Redação Publicado em 17/03/2026, às 10h06
Um caso chocante de violência familiar resultou na prisão de um médico de 76 anos, acusado de estupro de vulnerável contra a própria neta, uma criança de apenas quatro anos. A prisão preventiva foi cumprida pela Delegacia de Defesa da Mulher (DDM) de São Vicente na última sexta-feira (13), após uma investigação minuciosa confirmar indícios de autoria e materialidade do crime. Por questões legais e para preservar a identidade da vítima, o nome do acusado não foi divulgado pelas autoridades.

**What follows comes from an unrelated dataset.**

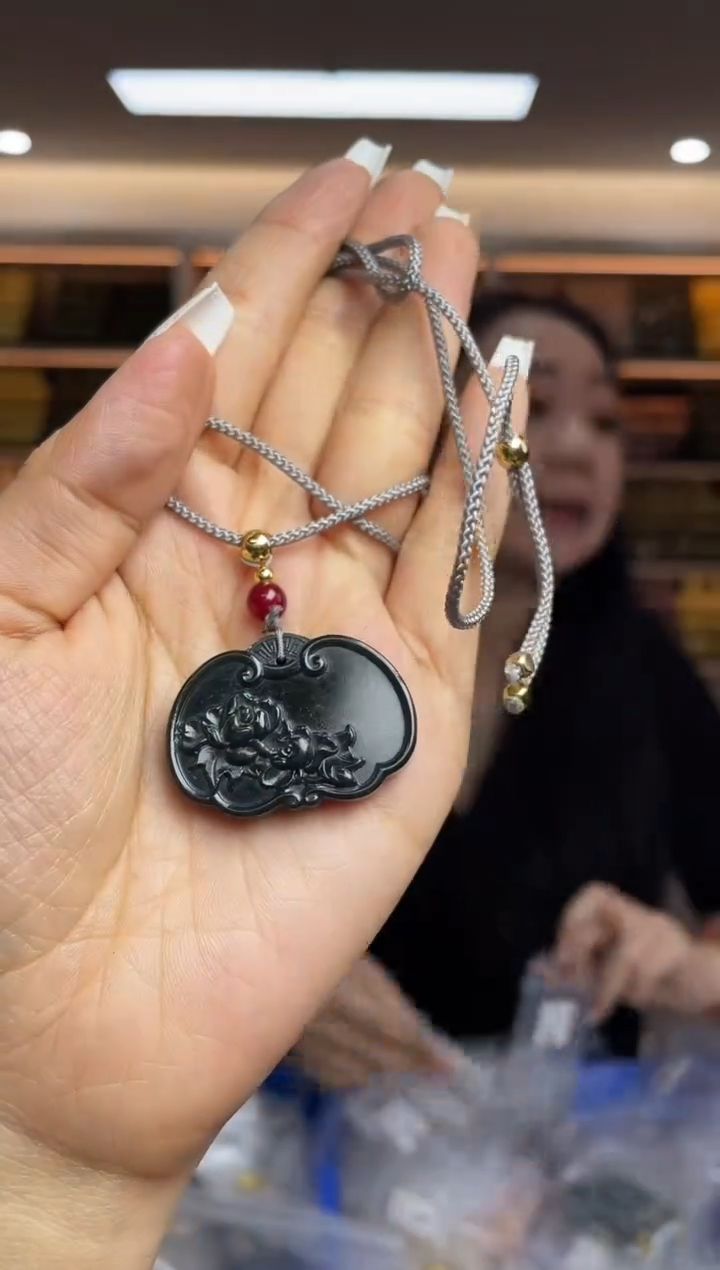 【闪购商品】和田玉·未镶嵌多样性发一件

O crime veio à tona no final de fevereiro, quando a menina retornou de um fim de semana na casa do pai, em São Paulo. Os pais da criança são separados e dividem a guarda, de modo que a cada 15 dias ela viaja de São Vicente para a capital.
De acordo com o relato da mãe, a filha voltou para casa apresentando um comportamento atípico, mostrando-se triste, retraída e visivelmente abalada. Ao ser questionada sobre o que teria ocorrido durante o passeio, a menina revelou detalhes dos abusos cometidos pelo avô paterno e confessou que sentia medo de que ele "pudesse voltar a lhe fazer mal".
Prisão preventiva e procedimentos legais
Diante da gravidade da denúncia, a Polícia Civil instaurou um inquérito e as provas apresentadas foram consideradas suficientes pelo juiz Frederico dos Santos Messias para a decretação da prisão. O magistrado destacou a necessidade da medida para garantir a ordem pública e a proteção da vítima. O médico foi localizado em seu apartamento no bairro Jardim Paulista, uma área nobre de São Paulo, e não ofereceu resistência no momento em que os agentes da DDM de São Vicente bateram à sua porta.
Após a detenção, o idoso foi conduzido ao 78º Distrito Policial da capital para os trâmites iniciais e, posteriormente, transferido para o sistema prisional. Segundo informações da Secretaria da Administração Penitenciária (SAP), o médico encontra-se atualmente custodiado no Centro de Detenção Provisória (CDP) Pinheiros 1, onde permanece à disposição da Justiça. O caso segue sob sigilo judicial para garantir a integridade da criança, que deve receber acompanhamento psicológico especializado após o trauma sofrido.